BEIJING (Reuters) - China’s factories suffered their fastest drop in activity in a year in April as new orders shrank, a private business survey showed on Monday, hardening the case for fresh stimulus measures to halt a slowdown in the world’s second-largest economy.
The latest indication of deepening factory woes raises the risk that second-quarter economic growth may dip below 7 percent for the first time since the depths of the global crisis, adding to official fears of job losses and local-level debt defaults.
The HSBC/Markit Purchasing Managers’ Index (PMI) fell to 48.9 in April - the lowest level since April 2014 - from 49.6 in March, as demand faltered and deflationary pressures persisted.
The number was weaker than a preliminary reading of 49.2, and below the 50-point level that separates growth from contraction compared with the previous month.

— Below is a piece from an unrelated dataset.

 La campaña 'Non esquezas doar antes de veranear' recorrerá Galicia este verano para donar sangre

“China’s manufacturing sector had a weak start to Q2, with total new business declining at the quickest rate in a year while production stagnated,” said Annabel Fiddes, an economist at Markit.
“The PMI data indicate that more stimulus measures may be required to ensure the economy doesn’t slow from the 7 percent annual growth rate seen in Q1.”

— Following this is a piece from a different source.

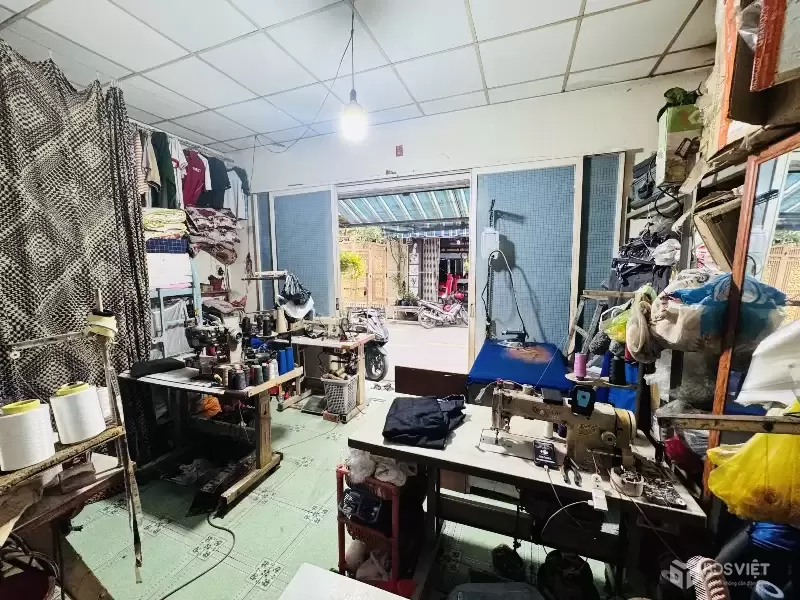 BÁN ĐẤT TẶNG NHÀ TRỌ BÌNH CHIỂU – TP THỦ ĐỨC  180M²  NGANG 7M  XE HƠI ĐỖ CỬA  GIÁ 10.8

The overall new orders sub-index dipped to 48.7 in April, the sharpest contraction in a year. That suggested a marked deterioration in domestic demand, as new export orders showed tentative signs of improvement.
Both input and output prices declined for a ninth month, while manufacturers shed jobs for an 18th month, auguring poorly for an economy that grew at its weakest rate for six years in the first quarter.
An official survey released on Friday showed China’s factories struggled to grow in April as domestic and export demand remained weak. The official number of 50.1 was the weakest reading for the month of April since the data started in 2005, HSBC noted.
The private survey focuses on small and mid-sized firms, while the official one looks at larger, state-owned companies.
China will release its April economic data over the coming weeks, starting with trade on Friday.
Aside from weakness in the manufacturing sector, China is struggling with a downturn in its property market, slowing investment and high levels of domestic debt.
On Thursday, the Politburo, the ruling Communist Party’s top decision-making body, said that authorities will step up policy “adjustments” and urged further tax cuts. It also said the government must resolve financing glitches that are holding up big infrastructure projects.
Analysts believe the Politburo’s emphasis on stabilizing growth signaled top leaders’ increasing concerns about a sharper slowdown.
Economic growth is expected to slow further to 6.8 percent in the second quarter from 7 percent in the previous quarter, the State Information Center, a top government think tank, said in a research report published on Monday.
Millions of workers lost their jobs when China’s growth tumbled to 6.6 percent in early 2009. A massive stimulus package pulled the economy out of the slump, but at the cost of saddling local governments with a mountain of debt.
The think-tank, which is affiliated to the National Development and Reform Commision, the top planning agency, called for interest rate cuts of 50 basis points in the first half, coupled with reductions in banks’ reserves requirements.
The People’s Bank of China last cut benchmark interest rates by 25 bps on Feb. 28 - its second cut since November.
The central bank has also reduced banks’ reserve requirements (RRR) twice this year, by a total of 150 basis points, in a bid to boost their lending power, while home purchase rules have been eased to help the real estate market.
The think-tank also urged the government to lower the yuan currency’s real effective exchange rate by 1-2 percent this year to help boost exports.
“Underlying economic activity appears to have slowed further from March, warranting more aggressive easing measures in the coming weeks in order for the economy to stabilize toward mid-year,” Julia Wang, China economist at HSBC, said in a note.
Wang also expects a 25-bps rate cut in the second quarter.
Most economists believe China’s economic growth could cool to a quarter-century low of around 7 percent this year from 7.4 percent in 2014.